#### Activity
In the entries below, find the line with "Kız Bebek 3'lü" and the line with "Tortue terrestre sculpté"; reproduce those two lines and all lines between them exactly, without pictures.

#### Entries supplied
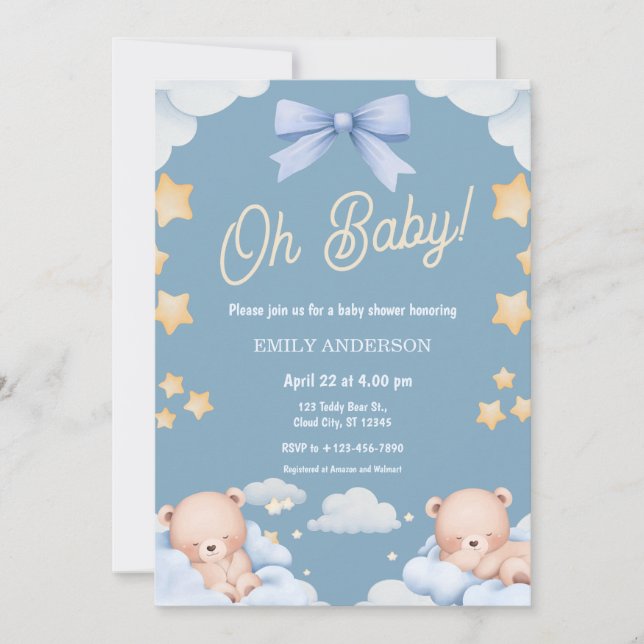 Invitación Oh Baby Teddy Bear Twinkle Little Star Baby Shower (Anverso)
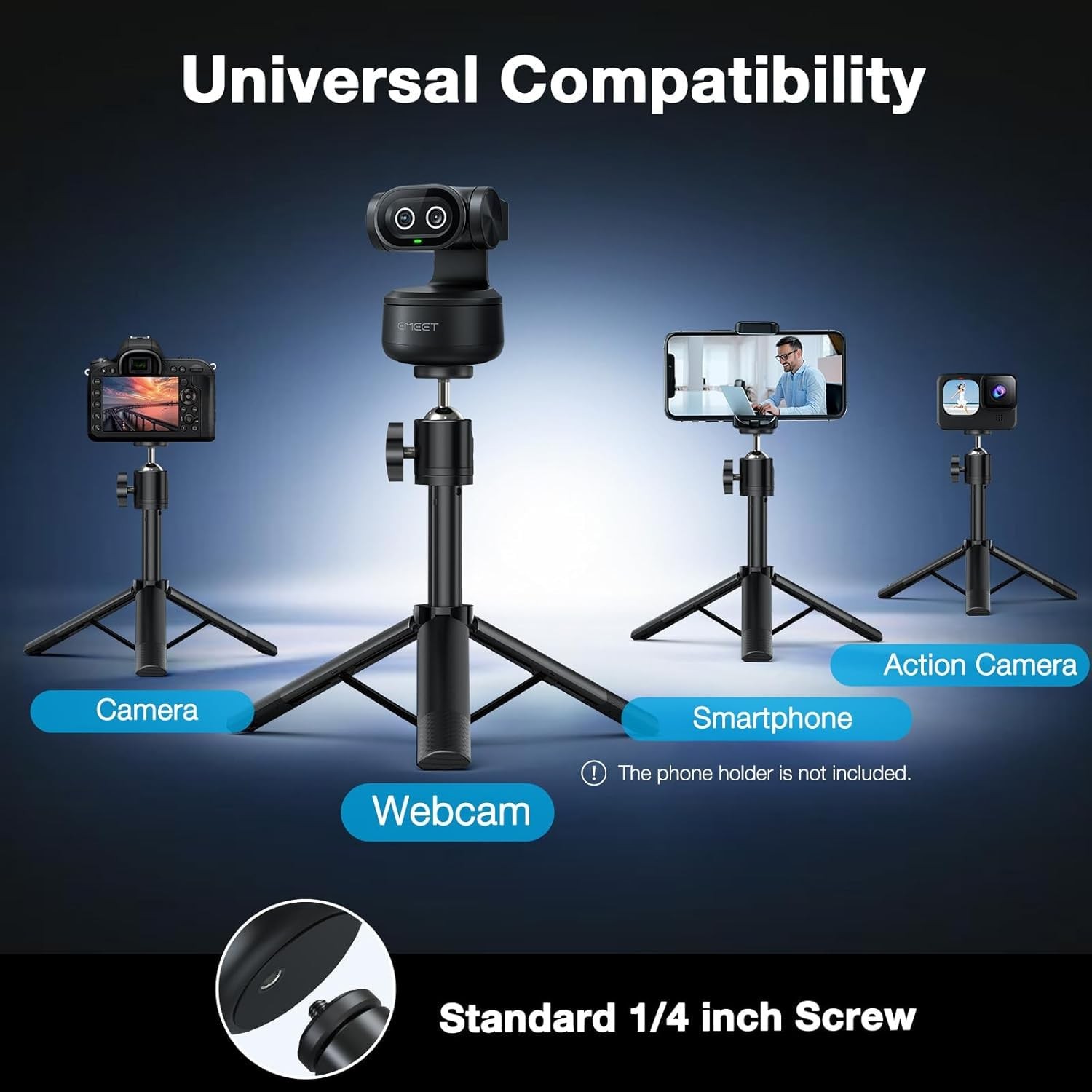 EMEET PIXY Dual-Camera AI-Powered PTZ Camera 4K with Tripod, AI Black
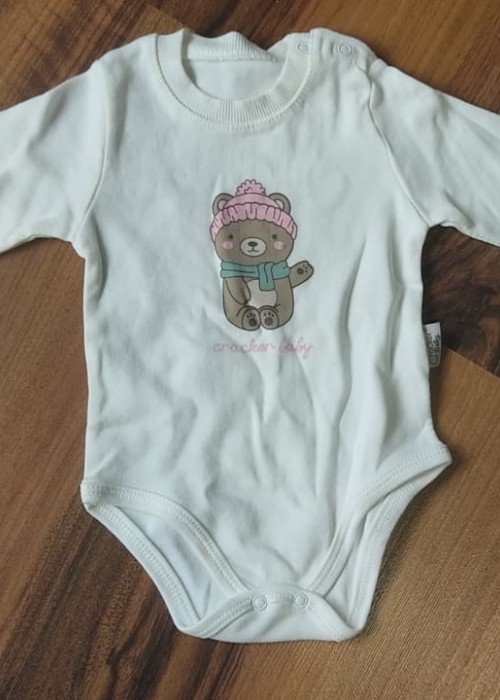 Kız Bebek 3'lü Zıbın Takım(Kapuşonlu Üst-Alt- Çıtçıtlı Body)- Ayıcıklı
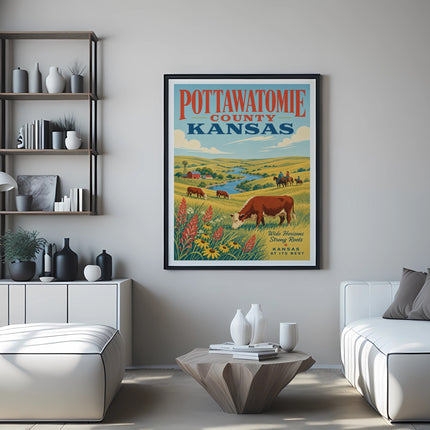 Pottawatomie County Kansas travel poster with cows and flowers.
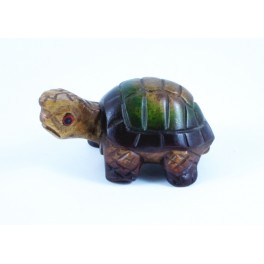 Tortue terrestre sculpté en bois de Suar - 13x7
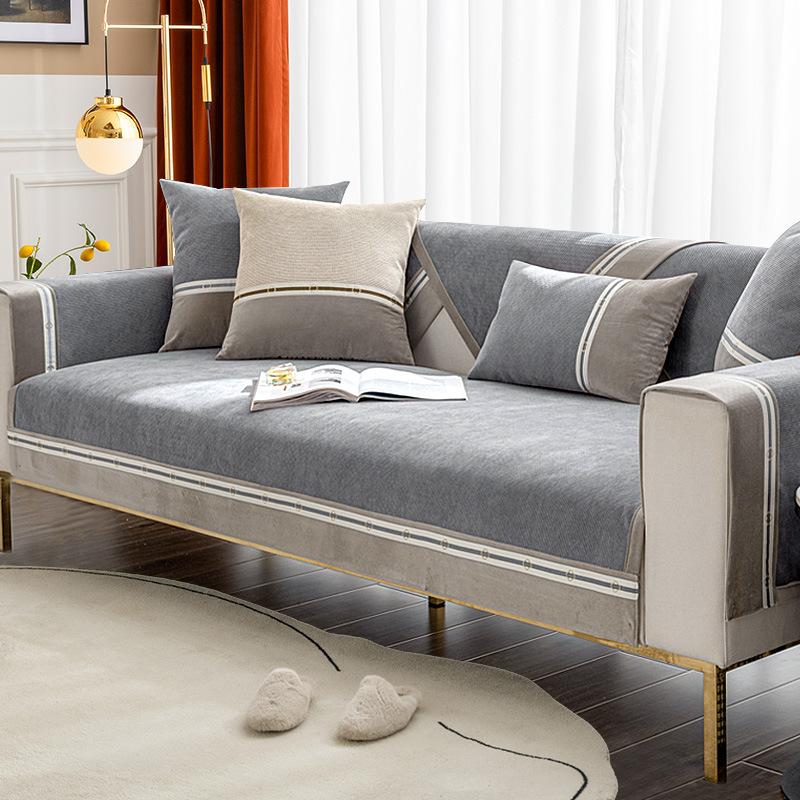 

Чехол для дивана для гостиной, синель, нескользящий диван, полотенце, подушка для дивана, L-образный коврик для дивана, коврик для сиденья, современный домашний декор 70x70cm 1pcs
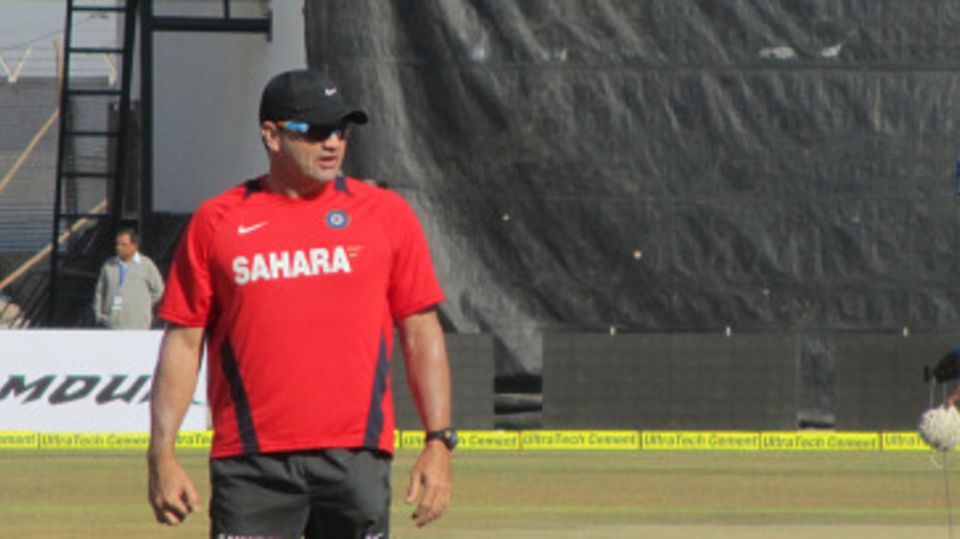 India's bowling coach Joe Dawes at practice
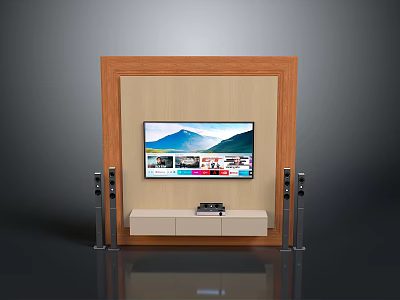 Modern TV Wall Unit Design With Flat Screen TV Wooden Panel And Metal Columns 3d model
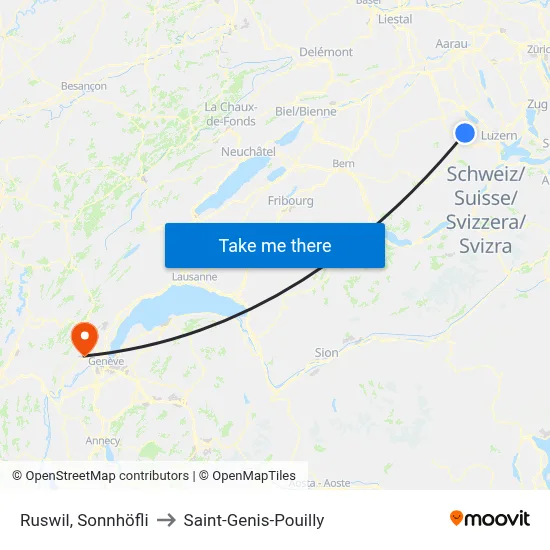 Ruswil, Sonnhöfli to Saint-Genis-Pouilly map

---

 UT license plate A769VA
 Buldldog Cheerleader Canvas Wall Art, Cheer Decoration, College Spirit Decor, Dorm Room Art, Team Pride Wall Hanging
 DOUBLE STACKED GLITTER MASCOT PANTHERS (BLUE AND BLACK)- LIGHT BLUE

--

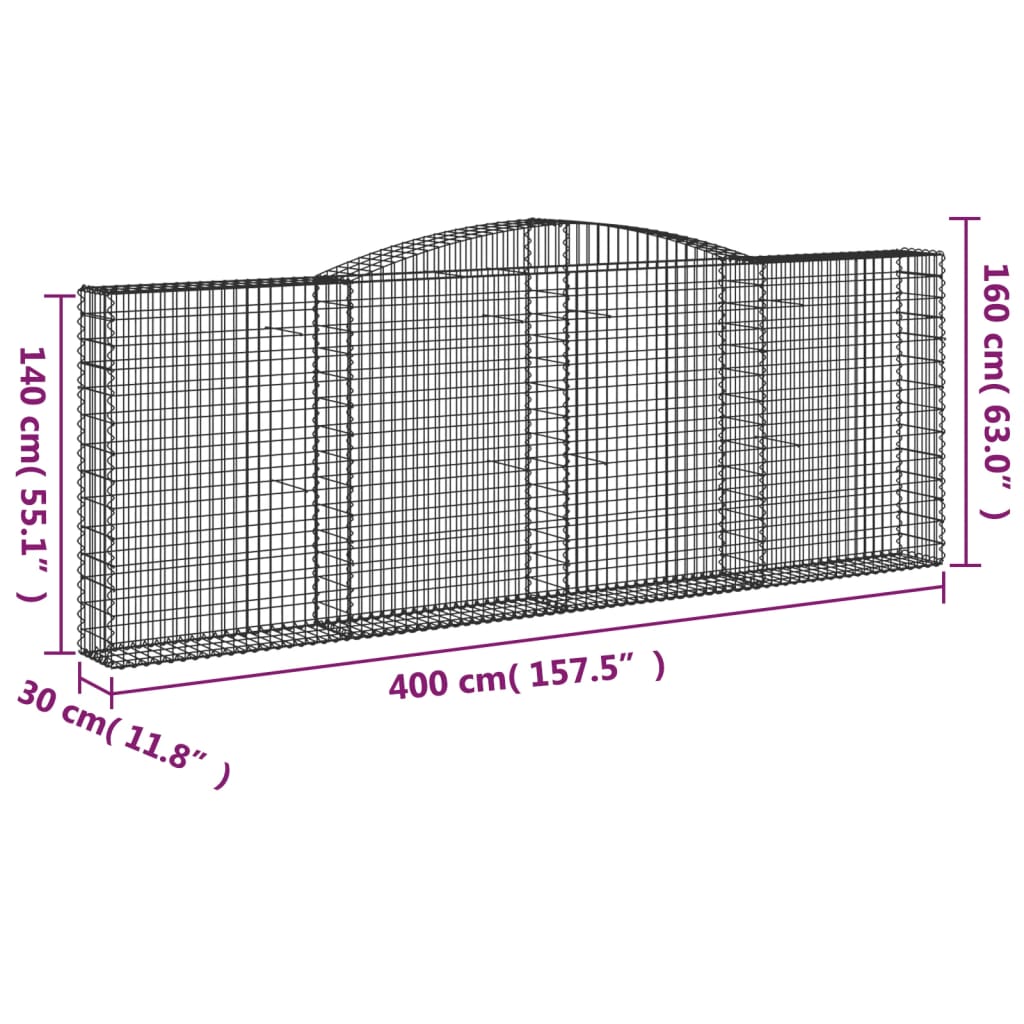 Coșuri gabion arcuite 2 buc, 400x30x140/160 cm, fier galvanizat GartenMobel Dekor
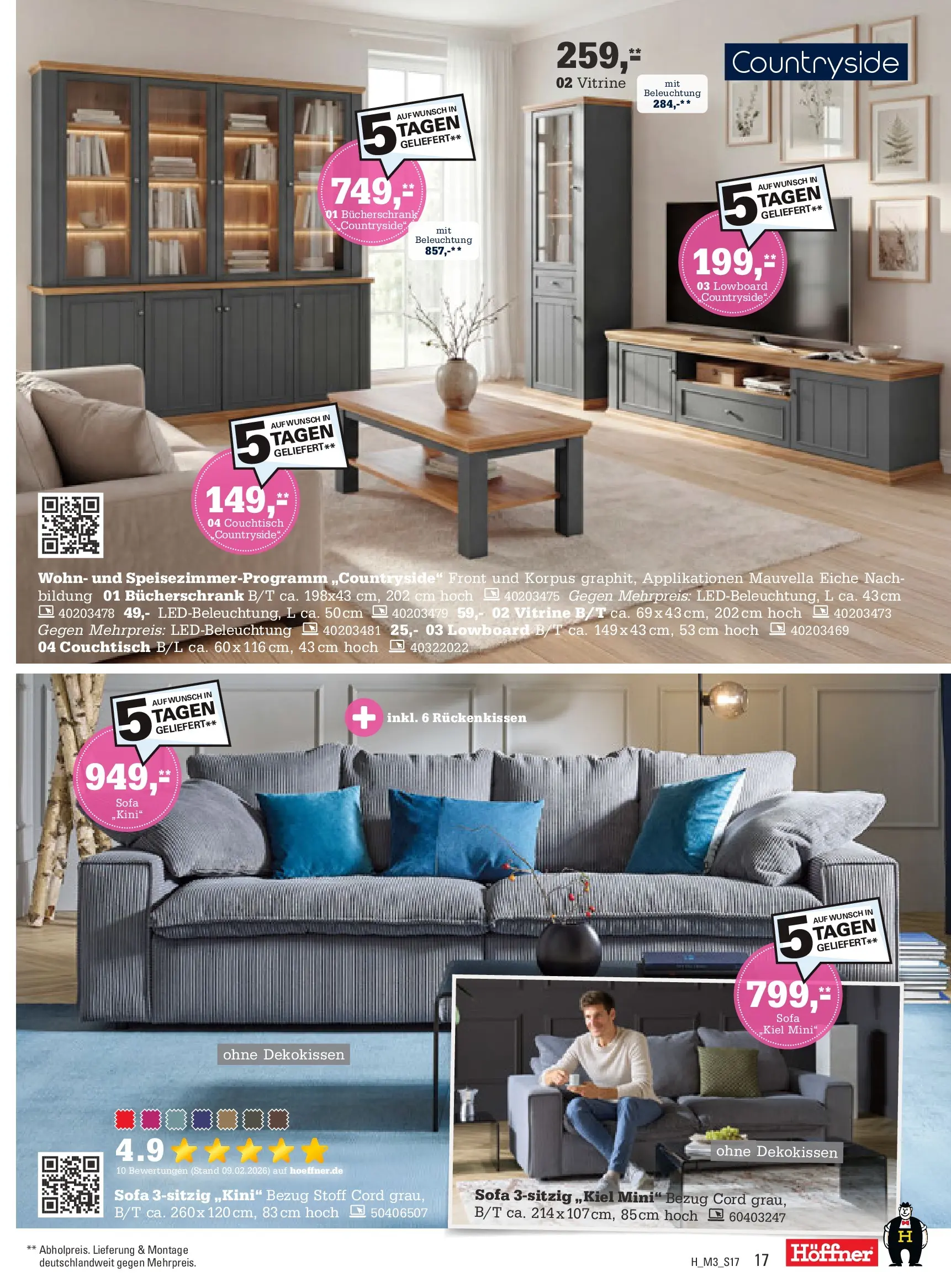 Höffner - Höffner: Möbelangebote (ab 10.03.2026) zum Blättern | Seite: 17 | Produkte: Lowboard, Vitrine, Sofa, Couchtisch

#### Response to this task
 Kız Bebek 3'lü Zıbın Takım(Kapuşonlu Üst-Alt- Çıtçıtlı Body)- Ayıcıklı
 Pottawatomie County Kansas travel poster with cows and flowers.
 Tortue terrestre sculpté en bois de Suar - 13x7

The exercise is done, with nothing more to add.